Tuttavia, i problemi non
riguardano solo i costi ex ante ed ex post. Adesso che due linee Av sono in
funzione - Novara-Torino, e Roma-Napoli - si può parlare anche di ricavi. La
prima è incompleta, quindi i ricavi possono non essere significativi, ma quando
sarà completata la tratta tra Novara e Milano? Va ricordato che il
costo-opportunità delle risorse pubbliche impiegate, stimabile indicativamente
al 5 per cento, determina un costo giornaliero alla collettività
superiore al mezzo milione di euro.
Più interessante il caso della
linea Roma-Napoli, completa da quasi un anno. Quanti sono i passeggeri
aggiuntivi che ha generato a oggi, considerando che le linee esistenti sono
tutt’altro che sature? E questi nuovi passeggeri quanto tempo hanno risparmiato?
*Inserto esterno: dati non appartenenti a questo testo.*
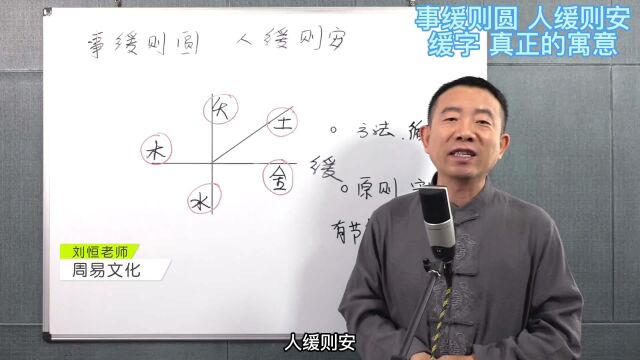 刘恒易经:事缓则圆 人缓则安 缓字 真正的寓意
Le tariffe sono state definite per tentare di rispettare l’impegno che la linea
ripaghi il 40 per cento dei costi di investimento?
Forse, dopo un anno di esercizio,
da questi dati si potrebbero ricavare utili indicazioni, anche strettamente
finanziarie, per le altre linee Av prossime a essere terminate, o in fase di
avvio, in particolare la Torino-Lione. Altrimenti, si rischia di sbagliare di
nuovo le previsioni, sia dei costi che dei ricavi.
I due casi ricordati, che
rispecchiano tuttavia una situazione assai più generale, sembrano suggerire che
l’impegno programmatico dell’attuale governo di costituire un’autorità
indipendente per la regolazione delle infrastrutture (e dei trasporti in
generale, per i comparti non esposti alla concorrenza), non sia davvero più
procrastinabile, anche al fine di "liberare" risorse pubbliche per
gli interventi urgenti nel settore.”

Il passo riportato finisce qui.